Revenant aux programmes de développement, pensez vous que le PAG est en phase avec la capture du Dividende démographique ?
Je pense que les objectifs du Programme d’Action du Gouvernement « Le Bénin Révélé » peuvent être atteints à travers le Dividende Démographique. La vision du PAG de voir le Bénin devenir une économie forte, d’ici 2021, peut être accélérée, si le pays adopte des politiques qui permettront d’exploiter le Dividende Démographique de façon maximale. Les axes du PAG sont en phase avec les cinq principaux piliers sectoriels essentiels pour l’exploitation du Dividende Démographique.

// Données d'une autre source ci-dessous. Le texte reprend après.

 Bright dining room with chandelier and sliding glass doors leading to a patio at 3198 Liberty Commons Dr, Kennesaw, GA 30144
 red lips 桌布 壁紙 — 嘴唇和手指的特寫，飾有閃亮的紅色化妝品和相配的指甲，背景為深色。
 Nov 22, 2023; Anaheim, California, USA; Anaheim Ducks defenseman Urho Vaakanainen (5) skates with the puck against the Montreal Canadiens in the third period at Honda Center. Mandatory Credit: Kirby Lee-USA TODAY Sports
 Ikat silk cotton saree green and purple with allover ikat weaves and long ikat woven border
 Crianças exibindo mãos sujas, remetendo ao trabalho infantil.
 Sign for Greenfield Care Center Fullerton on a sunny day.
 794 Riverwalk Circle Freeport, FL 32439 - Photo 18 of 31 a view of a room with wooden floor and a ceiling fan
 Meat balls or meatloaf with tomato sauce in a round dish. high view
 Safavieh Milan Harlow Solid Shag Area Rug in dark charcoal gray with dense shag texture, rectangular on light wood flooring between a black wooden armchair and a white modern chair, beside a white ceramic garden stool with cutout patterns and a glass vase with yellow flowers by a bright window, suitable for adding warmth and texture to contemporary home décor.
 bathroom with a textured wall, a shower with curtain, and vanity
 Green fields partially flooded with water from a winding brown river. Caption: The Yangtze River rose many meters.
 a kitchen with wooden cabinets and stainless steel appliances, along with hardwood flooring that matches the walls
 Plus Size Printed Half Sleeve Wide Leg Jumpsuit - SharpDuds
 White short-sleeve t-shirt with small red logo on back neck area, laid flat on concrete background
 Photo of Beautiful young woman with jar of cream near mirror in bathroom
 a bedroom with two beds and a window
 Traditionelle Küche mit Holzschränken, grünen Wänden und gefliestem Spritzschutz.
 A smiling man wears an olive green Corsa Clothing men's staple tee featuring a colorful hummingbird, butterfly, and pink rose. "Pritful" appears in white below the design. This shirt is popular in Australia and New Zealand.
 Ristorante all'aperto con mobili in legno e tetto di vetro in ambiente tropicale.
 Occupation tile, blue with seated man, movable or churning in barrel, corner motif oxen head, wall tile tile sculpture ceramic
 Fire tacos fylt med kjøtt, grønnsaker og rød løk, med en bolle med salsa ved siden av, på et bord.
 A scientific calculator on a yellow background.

Il est heureux de constater que le PAG met l’accent sur des investissements durables dans l’éducation, le développement des compétences, la santé, la création d’emplois et la bonne gouvernance. Il s’appui aussi sur des secteurs clés de transformation et favorable à la jeunesse que sont l’agriculture, l’économie numérique et la culture. C’est un acquis important. Nous devons tous nous engager pour sa mise en œuvre.